A second option, as proposed by Andrew Thompson in response to Doane’s suspicious removal, would be for the EC to authorize an independent investigation into their conduct, perhaps with the aid of a “neutral university administrator” delegating authority to “outside investigators’ or “community members.”

Auditing the EC is an untenable solution. Faculty can’t be trusted to participate in such a scenario since they have historically pushed for more faculty control over student conduct and would likely co-opt any role in an external audit to achieve that end.

The University Administration has some incentive to keep their hands off the Honor System since a strong System can be — and has historically been — a strong recruiting tool. That said, if approached by elected student leadership with the message that the student body can’t self-govern, the bureaucracy would likely also take the opportunity to expand and consolidate control over student conduct regulation.

Even aside from these practical considerations, an external EC audit is unacceptable in principle because it undermines the very premise of the Honor System’s existence: that the Student Body of Washington and Lee can be and is self-governing.

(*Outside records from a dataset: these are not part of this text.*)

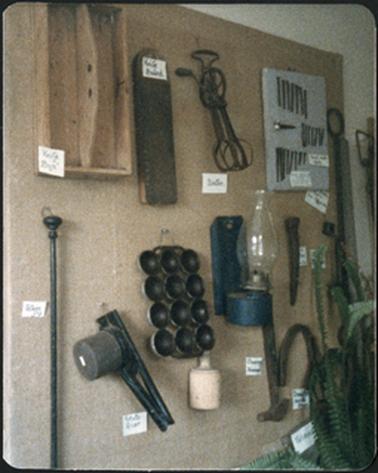 A view of various kitchen and farm implements on a wall display in the Old Post Office Museum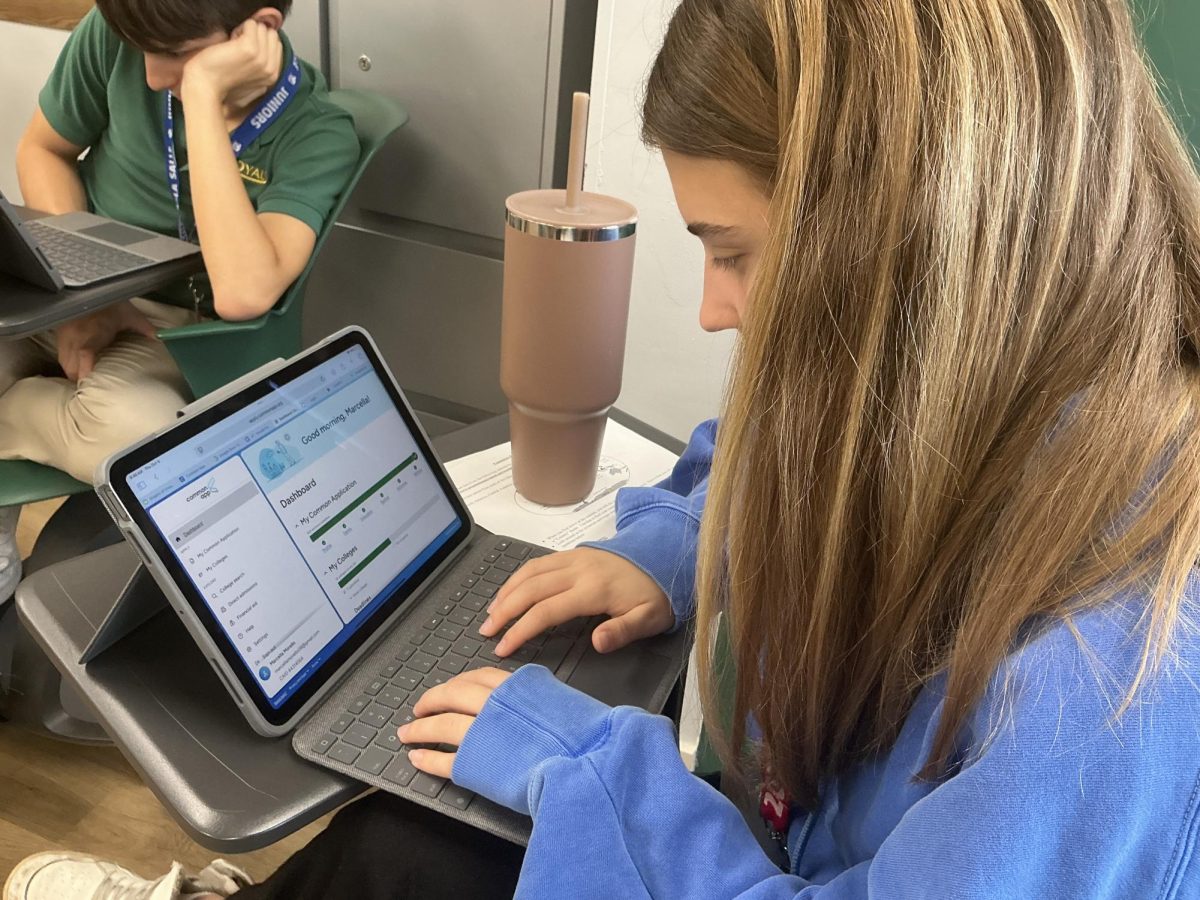 Senior Marcella Morello works on her Common Application during a small moment of free time. 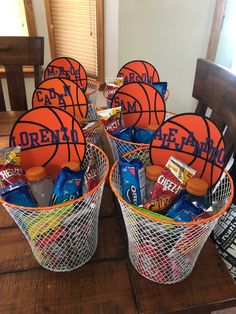 several baskets filled with snacks and basketballs on top of a wooden table in front of a window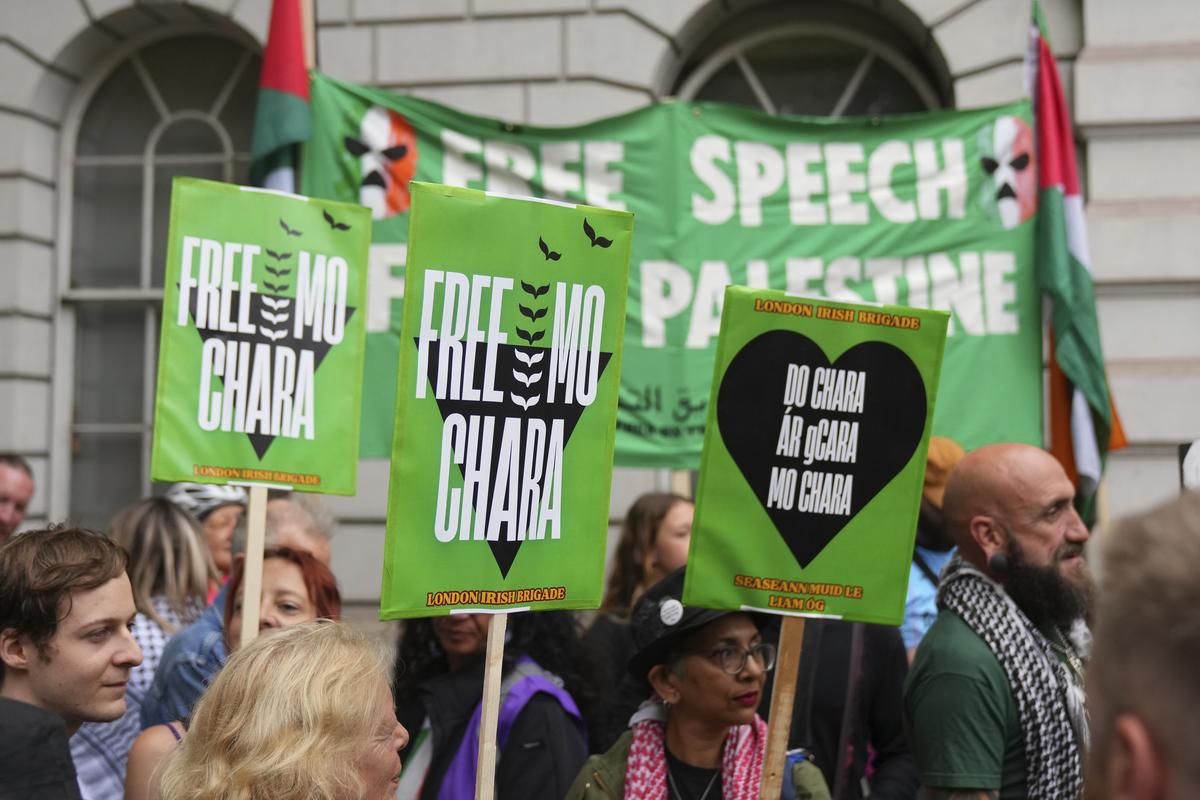 I sostenitori di Liam Óg Ó hAnnaidh, alias Mo Chara, un membro della band di lingua irlandese Kneecap, aspettano con cartelli, bandiere e striscioni il suo arrivo alla Westminster Magistrates Court di Londra, il 20 agosto 2025, dove è accusato di un reato di terrorismo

The Honor System is built on the principle that students of Washington and Lee are expected to, and are therefore capable of, behaving honorably with reference to their peers, without external governance. If the Student Body considers themselves children that must call in grownups to settle their squabbles, then the Honor System is a lie.

Fortunately, there is a third alternative: amending the SBC to bifurcate the EC into two committees. One would execute the Honor System, and the other would handle student organization budgeting and administrative liaison.

A petition to amend the SBC must, according to the SBC’s Article VIII, §A, be publicized by the EC and presented for a vote by the Student Body if signed by at least 200 students. If two-thirds of a quorum of half the University’s student body vote in favor of the amendment, it is adopted. Numerically speaking, that would be about 765 of the roughly 2300 undergraduate and law school students at W&L.

Such an arrangement would resemble the committee structure of the past, where various student committees executed a broad array of administrative functions with fairly loose EC oversight. Reverting to a bifurcated model with an analogue to the old SAB serving as a subordinate counterpart to the EC would be not a radical departure, but a return to a norm that has worked historically.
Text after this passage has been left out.